De dagvaarding vermeldt dat in verband met het coronavirus is betekend op de manier als omschreven in artikel 47 lid 1 Rv. In de dagvaarding is geen afdoende toelichting gegeven waarom in deze zaak de noodzaak daartoe aanwezig was en waarom dus niet is betekend overeenkomstig het bepaalde in artikel 46 lid 1 Rv. Daarom is sprake van een gebrek in de betekening dat nietigheid meebrengt. Daarbij wordt in aanmerking genomen dat de door de regering uitgevaardigde maatregelen in verband met het coronavirus op zichzelf niet beletten dat een exploot in persoon of aan een huisgenoot wordt betekend (artikel 46 lid 1 Rv). Onder bijzondere omstandigheden kan daartoe wel een belemmering aanwezig zijn, maar deze feitelijke omstandigheden zullen op grond van artikel 47 lid 1, laatste volzin, in het exploot moeten worden vermeld.
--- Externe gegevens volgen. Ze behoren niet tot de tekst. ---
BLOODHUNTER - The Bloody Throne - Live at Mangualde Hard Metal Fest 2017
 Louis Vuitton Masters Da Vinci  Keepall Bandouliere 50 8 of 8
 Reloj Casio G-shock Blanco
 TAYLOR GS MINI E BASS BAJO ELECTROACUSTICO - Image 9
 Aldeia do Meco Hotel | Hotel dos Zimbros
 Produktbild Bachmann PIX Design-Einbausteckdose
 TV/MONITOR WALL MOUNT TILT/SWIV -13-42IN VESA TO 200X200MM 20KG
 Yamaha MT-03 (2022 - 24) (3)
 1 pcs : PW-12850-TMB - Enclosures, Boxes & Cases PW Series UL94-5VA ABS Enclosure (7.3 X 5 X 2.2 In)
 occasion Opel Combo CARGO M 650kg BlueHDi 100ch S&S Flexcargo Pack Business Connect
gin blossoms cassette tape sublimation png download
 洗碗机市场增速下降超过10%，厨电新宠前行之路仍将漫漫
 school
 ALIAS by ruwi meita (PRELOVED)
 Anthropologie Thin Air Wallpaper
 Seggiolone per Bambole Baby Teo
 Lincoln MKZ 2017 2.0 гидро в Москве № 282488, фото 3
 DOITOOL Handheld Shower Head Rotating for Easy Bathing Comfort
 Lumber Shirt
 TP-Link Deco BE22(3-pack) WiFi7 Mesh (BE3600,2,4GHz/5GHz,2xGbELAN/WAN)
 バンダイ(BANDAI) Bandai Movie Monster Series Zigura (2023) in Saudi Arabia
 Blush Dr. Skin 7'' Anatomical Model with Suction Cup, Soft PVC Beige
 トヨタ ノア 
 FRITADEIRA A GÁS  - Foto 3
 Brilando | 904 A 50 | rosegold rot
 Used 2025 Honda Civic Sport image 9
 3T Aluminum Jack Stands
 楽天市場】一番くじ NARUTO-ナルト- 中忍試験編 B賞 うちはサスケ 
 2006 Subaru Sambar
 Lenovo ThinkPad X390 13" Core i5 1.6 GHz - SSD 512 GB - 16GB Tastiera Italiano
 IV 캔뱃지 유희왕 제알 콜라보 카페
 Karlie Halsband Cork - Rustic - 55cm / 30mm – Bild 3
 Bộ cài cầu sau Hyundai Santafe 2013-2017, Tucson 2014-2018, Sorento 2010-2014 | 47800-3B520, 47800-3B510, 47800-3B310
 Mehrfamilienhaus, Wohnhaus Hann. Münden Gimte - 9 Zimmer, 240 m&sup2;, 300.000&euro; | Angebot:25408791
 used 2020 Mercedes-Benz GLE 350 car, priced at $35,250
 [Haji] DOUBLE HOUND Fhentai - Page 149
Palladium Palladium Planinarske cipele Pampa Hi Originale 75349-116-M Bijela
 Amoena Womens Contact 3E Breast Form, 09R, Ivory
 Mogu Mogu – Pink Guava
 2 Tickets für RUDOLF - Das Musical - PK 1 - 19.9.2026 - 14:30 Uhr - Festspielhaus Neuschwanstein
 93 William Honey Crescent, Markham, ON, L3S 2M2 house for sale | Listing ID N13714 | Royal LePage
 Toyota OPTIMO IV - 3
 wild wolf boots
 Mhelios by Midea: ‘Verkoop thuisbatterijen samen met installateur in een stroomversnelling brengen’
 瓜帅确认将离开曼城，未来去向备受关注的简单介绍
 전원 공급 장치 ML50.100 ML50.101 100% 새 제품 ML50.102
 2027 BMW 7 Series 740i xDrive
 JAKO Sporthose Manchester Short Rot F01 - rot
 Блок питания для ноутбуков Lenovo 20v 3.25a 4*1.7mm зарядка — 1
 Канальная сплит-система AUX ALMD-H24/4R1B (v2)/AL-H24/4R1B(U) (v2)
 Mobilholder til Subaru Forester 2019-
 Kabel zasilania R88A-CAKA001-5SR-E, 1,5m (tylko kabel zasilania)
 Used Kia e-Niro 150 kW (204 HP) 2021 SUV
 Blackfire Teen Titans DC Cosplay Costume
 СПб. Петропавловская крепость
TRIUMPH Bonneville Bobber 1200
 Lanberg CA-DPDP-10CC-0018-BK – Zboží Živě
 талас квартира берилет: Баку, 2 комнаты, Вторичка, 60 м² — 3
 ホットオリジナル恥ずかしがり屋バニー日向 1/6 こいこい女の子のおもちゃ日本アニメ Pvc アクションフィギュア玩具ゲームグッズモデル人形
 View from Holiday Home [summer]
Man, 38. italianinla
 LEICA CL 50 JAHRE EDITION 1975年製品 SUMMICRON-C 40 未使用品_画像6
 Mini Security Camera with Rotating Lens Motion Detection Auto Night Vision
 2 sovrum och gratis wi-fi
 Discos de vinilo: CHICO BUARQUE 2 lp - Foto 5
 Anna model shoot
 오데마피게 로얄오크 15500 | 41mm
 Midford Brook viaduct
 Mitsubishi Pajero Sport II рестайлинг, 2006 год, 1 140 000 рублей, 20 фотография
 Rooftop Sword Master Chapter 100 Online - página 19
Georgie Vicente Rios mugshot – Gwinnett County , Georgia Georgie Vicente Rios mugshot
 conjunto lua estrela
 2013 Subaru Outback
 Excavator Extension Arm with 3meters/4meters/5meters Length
Eisende partij wordt in de gelegenheid gesteld het gebrek te herstellen. Eisende partij dient gedaagde partij, onder meebetekening van dit vonnis en aanhechting aan het exploot van de eerder uitgebrachte dagvaarding, opnieuw op te roepen en wel voor de zitting van
dinsdag 12 mei 2020 te 10:00 uur, onder aanzegging dat zal worden voortgeprocedeerd op de oorspronkelijke dagvaarding. Bij het uitbrengen van het herstelexploot dient eisende partij de wettelijke dagvaardingstermijn in acht te nemen.

Beslissing

De kantonrechter:
stelt eisende partij in de gelegenheid een herstelexploot uit te brengen, waarbij zij gedaagde partij op de juiste wijze aanzegt dat de zaak weer zal dienen op de openbare civiele terechtzitting van
dinsdag 12 mei 2020 te 10:00 uur
bepaalt dat eisende partij de kosten van vorenbedoeld exploot draagt;
houdt iedere verdere beslissing aan.
Aldus gewezen door mr. A.W.J. Ros, kantonrechter, en uitgesproken ter openbare terechtzitting van 7 april 2020 in tegenwoordigheid van de griffier.